EXERCISE MATERIALS —
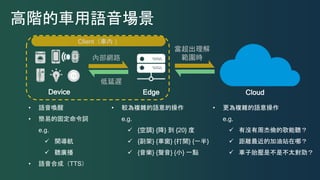 Device Edge Cloud
高階的車用語音場景
低延遲
當超出理解
範圍時
• 較為複雜的語意的操作
e.g.
 {空調} {降} 到 {20} 度
 {副架} {車窗} {打開} {一半}
 {音樂} {聲音} {小} 一點
• 語音喚醒
• 簡易的固定命令詞
e.g.
 開導航
 聽廣播
• 語音合成（TTS）
• 更為複雜的語意操作
e.g.
 有沒有周杰倫的歌能聽？
 距離最近的加油站在哪？
 車子胎壓是不是不太對勁？
Client（車內）
內部網路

YOUR INSTRUCTIONS —
Without copying the pictures, transcribe the entries exactly.

SOLVED EXERCISE —
 Device Edge Cloud
高階的車用語音場景
低延遲
當超出理解
範圍時
• 較為複雜的語意的操作
e.g.
 {空調} {降} 到 {20} 度
 {副架} {車窗} {打開} {一半}
 {音樂} {聲音} {小} 一點
• 語音喚醒
• 簡易的固定命令詞
e.g.
 開導航
 聽廣播
• 語音合成（TTS）
• 更為複雜的語意操作
e.g.
 有沒有周杰倫的歌能聽？
 距離最近的加油站在哪？
 車子胎壓是不是不太對勁？
Client（車內）
內部網路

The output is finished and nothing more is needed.